Natürlich haben sich bei der Leserschaft im Laufe der Zeit auch einige Kultfiguren etabliert, deren Ergüsse sich besonderer Popularität erfreuen. Da wäre zum Beispiel der französische "Philosoph" André Glucksmann, der sich regelmäßig in diversen Medien Europas verkünstelt. Seine blumigen und emotionalen Ausführungen über die "tapferen Tschetschenen" und den "menschenfressenden Tyrannen" im Kreml sorgen bei der Leserschaft für ausgezeichnete Stimmung. Für zusätzlichen Humoreffekt sorgt die Tatsache, dass das Wort "Gluck" (глюк) im russischen Slang für Fieberfantasie steht. Der unnachahmliche Philosoph war denn auch dafür verantwortlich, dass die Community eine allgemeine Maßeinheit für die Absurdität eines Artikels eingeführt und ihm zu Ehren 1 Gluck genannt hat.
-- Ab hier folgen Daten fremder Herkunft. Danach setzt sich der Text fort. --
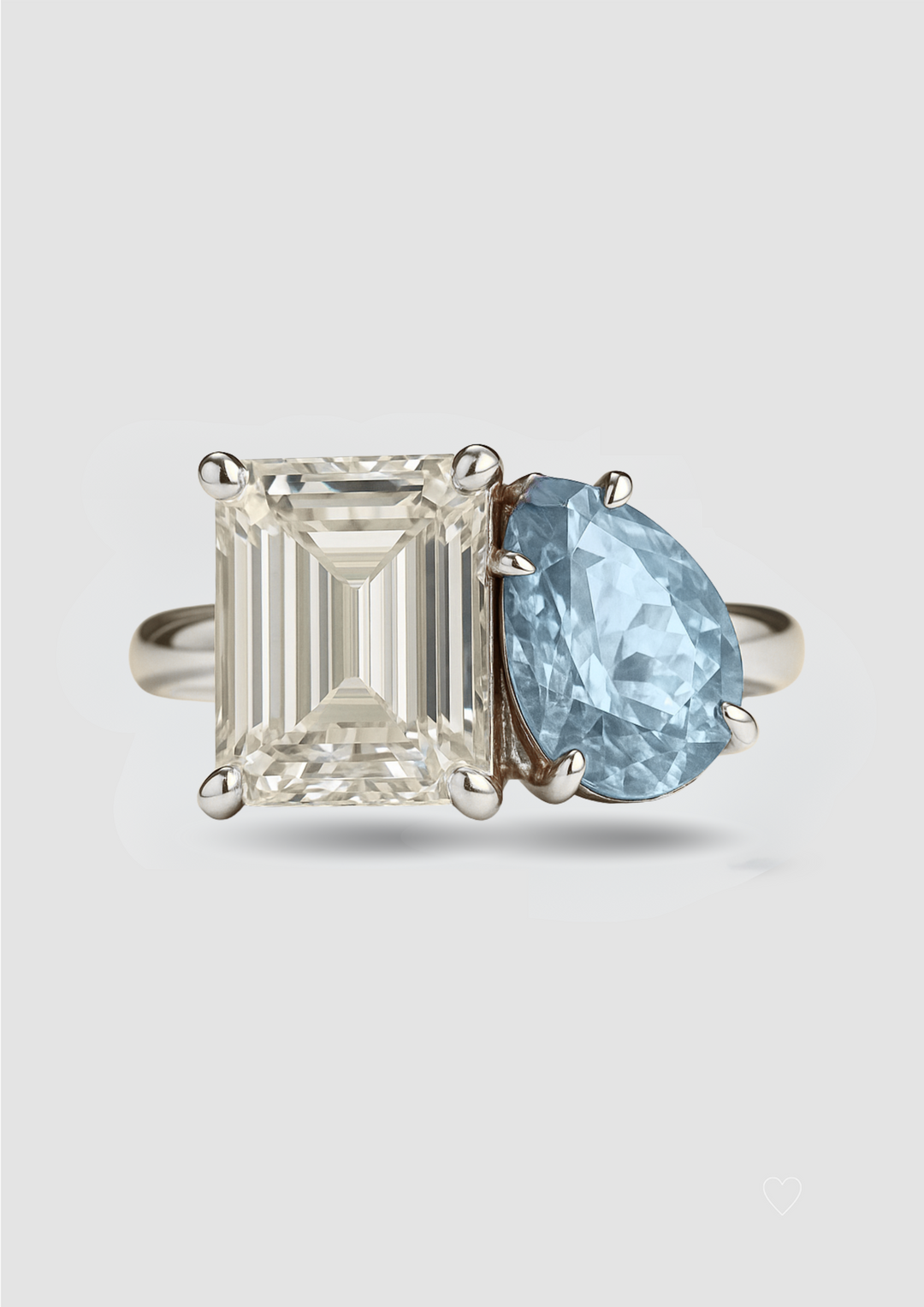 ELSA DECEMBER BIRTH MONTH RING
Ein anderer beliebter Komiker ist der Russland-Reporter des "Focus" Boris Reitschuster. Allerdings muss man einräumen, dass seine durchweg schwarzmalerischen und selektiven Darstellungen, die unübersehbar das Ziel verfolgen, die verborgenen Überlegenheitsgefühle des Otto angenehm zu kitzeln und häufig von der Politik auch ins Alltagsleben wandern, bei vielen auch Ärger auslösen. Einmal nahm Reitschuster sogar an einem Chat mit den Lesern von InoSMI teil, drückte sich jedoch weitgehend um klare Antworten.
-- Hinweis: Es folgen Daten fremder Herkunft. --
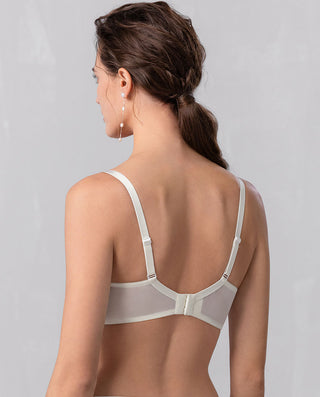 Aimer Unlined Lace Bra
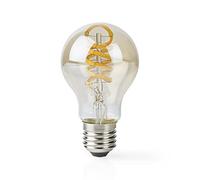 Nedis Smartlife LED Filament Bulb WiFi E27 360 LM 4.9W White 1800 6500 K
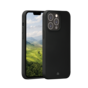 dbramante1928 Monaco hoesje geschikt voor iPhone 14 Pro - Zwart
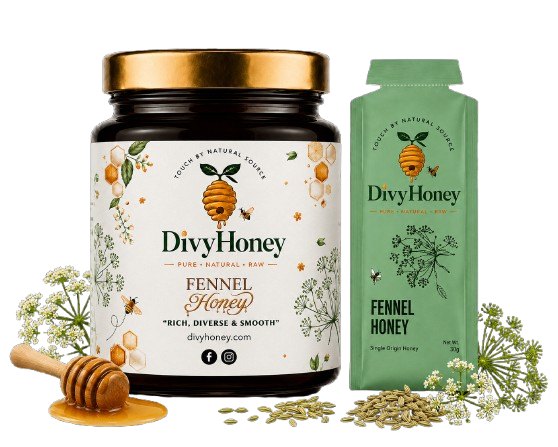 Divy Bee Shop logo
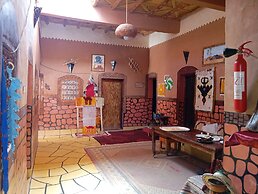 Maison d'hôtes tifaoute ait Ben haddou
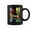 Light Blue, variant on Dispatch Video Game Collage Coffee Mugs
Weitere Lieblingsstücke sind Artikel aus der polnischen Presse. Die transatlantische Versteiftheit und nationale Selbstüberschätzung sind dort derart ausgeprägt und in den Augen der Russen so süß, dass dieses sonst unbedeutende Land einen Bonus an Aufmerksamkeit bekommt. Zweifellos hat die Lektüre polnischer Presse das Bild der Polen in Russland nachhaltig verändert.

Alltägliches Hauptbrot sind dagegen die führenden amerikanischen und britischen Zeitungen und ihre Russland-Ergüsse. Sie werden als Leitmedien empfunden, von denen deutsche, französische, spanische Medien die Richtung abschauen. Hier wird mit weniger Humor, dafür mit gnadenlosem Aufzeigen aller Argumentationsschwächen und moralischer Defizite vorgegangen. Und die Einigkeit der Leserschaft ist erstaunlich bzw. so stark wie schon lange nicht. Die Positionen der meisten Angelsachsen gelten den Russen als tückisch, verlogen und scheinheilig und Begriffe wie Demokratie und Menschenrechte als willkürlich einsetzbare Instrumente im geopolitischen Kampf.

Offensichtlich ist die Begegnung mit der feindseligen Umgebung und das Gefühl des Mißverstandenseins ein bedeutender Konsolidierungsfaktor und Patriotismus-Förderer. Das direkte Aufeinanderprallen der Ansichten zeigt: wenn der Westen im Kampf der Weltanschauungen mit Russland erfolgreicher sein will, sollte er die Bekanntschaft der Russen mit seiner Denkweise im Gegensatz zur spontanen Vermutung möglichst klein halten. Und den Meinungsaustausch weiterhin keine Zweibahnstraße sein lassen.

5 Kommentare:

Anonym hat gesagt…

Die Vorstellung, dass der Westen die Russen für "vasallisch-unterwürfig" hält, ist ein Vorurteil der anderen Seite. Es ist angewandte Manipulation, dies einfach zu unterstellen, um sich dann damit auseinanderzusetzen.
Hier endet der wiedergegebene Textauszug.